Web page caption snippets
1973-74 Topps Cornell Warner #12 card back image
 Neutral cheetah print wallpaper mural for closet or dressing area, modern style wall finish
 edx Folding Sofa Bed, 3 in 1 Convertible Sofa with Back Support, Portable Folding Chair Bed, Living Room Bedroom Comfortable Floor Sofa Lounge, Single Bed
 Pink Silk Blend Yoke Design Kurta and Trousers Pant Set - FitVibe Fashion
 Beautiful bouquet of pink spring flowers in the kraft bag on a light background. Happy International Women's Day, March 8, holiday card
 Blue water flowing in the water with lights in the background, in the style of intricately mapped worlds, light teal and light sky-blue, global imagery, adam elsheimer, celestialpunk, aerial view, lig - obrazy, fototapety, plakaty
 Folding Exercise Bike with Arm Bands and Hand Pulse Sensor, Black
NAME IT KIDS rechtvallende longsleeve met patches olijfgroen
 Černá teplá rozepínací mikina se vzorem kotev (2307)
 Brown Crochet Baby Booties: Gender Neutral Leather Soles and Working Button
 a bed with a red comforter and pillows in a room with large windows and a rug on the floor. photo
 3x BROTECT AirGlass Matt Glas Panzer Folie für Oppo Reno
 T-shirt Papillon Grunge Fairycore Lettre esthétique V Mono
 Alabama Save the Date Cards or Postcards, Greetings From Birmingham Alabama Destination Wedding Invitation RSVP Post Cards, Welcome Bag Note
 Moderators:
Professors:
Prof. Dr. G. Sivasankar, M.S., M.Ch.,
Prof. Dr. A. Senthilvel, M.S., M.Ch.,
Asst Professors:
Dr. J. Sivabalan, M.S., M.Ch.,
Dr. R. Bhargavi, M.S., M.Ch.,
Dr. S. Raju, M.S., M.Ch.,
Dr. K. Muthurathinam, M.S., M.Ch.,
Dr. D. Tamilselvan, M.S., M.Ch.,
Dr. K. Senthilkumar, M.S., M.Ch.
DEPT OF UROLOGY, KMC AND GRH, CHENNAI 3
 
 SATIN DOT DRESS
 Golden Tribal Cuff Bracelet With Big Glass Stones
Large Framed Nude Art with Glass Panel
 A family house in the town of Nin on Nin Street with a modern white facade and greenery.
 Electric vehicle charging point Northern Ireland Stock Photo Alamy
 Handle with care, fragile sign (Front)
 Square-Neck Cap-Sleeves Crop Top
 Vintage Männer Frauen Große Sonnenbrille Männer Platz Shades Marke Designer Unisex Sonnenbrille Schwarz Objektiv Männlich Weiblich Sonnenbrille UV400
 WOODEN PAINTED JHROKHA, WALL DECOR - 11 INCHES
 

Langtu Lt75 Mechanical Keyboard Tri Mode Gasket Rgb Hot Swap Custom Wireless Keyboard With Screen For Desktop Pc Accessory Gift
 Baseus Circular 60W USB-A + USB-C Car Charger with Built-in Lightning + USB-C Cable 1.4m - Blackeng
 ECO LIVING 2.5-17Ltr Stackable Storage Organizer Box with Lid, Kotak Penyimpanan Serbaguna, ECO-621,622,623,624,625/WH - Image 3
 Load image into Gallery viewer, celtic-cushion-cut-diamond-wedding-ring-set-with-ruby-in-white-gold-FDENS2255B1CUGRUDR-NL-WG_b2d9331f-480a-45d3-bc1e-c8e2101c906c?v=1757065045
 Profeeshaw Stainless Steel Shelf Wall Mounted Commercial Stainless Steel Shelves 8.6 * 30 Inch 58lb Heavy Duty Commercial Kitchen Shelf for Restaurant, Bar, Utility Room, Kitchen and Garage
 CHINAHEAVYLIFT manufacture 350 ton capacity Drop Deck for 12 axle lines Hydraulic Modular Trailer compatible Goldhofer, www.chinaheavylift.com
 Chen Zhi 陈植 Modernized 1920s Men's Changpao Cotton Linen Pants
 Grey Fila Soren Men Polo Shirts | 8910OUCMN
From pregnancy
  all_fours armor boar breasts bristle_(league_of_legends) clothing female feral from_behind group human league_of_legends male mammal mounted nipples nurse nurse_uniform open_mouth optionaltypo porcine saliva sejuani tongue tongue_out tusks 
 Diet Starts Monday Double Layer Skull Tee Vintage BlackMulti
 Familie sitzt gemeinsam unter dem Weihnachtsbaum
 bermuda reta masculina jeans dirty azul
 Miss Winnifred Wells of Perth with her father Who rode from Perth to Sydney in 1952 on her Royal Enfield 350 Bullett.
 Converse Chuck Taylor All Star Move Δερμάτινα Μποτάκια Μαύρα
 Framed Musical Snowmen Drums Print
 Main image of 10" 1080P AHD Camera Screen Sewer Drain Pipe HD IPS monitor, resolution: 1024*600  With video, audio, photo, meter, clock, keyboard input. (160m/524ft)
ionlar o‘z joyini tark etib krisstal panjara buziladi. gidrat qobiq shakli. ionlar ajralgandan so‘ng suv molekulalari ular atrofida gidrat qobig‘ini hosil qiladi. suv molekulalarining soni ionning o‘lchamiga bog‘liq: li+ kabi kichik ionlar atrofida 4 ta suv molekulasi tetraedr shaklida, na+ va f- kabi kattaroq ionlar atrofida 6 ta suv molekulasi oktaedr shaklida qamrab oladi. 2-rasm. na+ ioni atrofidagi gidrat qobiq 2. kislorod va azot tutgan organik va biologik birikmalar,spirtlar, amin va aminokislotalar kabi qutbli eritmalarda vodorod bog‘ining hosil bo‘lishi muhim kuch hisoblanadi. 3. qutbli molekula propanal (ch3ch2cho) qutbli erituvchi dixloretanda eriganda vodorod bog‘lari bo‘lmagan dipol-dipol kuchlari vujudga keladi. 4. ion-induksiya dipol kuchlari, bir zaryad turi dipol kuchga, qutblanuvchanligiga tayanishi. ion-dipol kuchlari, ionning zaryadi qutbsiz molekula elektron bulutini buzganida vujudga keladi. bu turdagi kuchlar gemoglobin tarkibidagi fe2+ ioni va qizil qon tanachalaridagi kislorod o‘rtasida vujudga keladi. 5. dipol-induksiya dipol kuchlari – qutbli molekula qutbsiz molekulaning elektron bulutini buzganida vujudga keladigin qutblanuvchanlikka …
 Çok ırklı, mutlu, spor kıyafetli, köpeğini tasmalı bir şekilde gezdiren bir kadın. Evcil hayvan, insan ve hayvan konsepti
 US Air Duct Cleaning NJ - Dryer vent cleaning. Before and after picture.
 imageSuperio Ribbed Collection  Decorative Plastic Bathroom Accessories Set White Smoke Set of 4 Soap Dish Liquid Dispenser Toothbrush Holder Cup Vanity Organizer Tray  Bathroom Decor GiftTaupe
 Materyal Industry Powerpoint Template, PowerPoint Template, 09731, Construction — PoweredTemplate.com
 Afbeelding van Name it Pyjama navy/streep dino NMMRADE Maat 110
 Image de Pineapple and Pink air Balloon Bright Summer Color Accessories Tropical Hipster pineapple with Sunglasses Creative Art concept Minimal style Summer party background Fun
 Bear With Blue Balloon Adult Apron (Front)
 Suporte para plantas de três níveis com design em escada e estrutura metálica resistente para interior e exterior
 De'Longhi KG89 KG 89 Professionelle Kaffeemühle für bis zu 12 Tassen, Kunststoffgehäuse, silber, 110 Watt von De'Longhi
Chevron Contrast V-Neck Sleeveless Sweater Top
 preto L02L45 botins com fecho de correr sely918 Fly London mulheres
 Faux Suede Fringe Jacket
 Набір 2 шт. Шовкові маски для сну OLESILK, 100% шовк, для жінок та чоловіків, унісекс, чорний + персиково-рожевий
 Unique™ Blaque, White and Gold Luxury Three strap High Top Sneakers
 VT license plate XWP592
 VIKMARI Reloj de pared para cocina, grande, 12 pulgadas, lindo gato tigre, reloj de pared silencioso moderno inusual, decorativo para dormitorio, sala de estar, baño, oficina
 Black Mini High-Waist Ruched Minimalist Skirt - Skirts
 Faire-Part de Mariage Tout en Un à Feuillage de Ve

◆ **WORK TASK**:
From the data above, output only the lines between the line containing "Large Framed Nude Art with Glass Panel" and the line containing "Square-Neck Cap-Sleeves Crop Top", inclusive, exactly as written.

◆ **WRITTEN REPLY**:
Large Framed Nude Art with Glass Panel
 A family house in the town of Nin on Nin Street with a modern white facade and greenery.
 Electric vehicle charging point Northern Ireland Stock Photo Alamy
 Handle with care, fragile sign (Front)
 Square-Neck Cap-Sleeves Crop Top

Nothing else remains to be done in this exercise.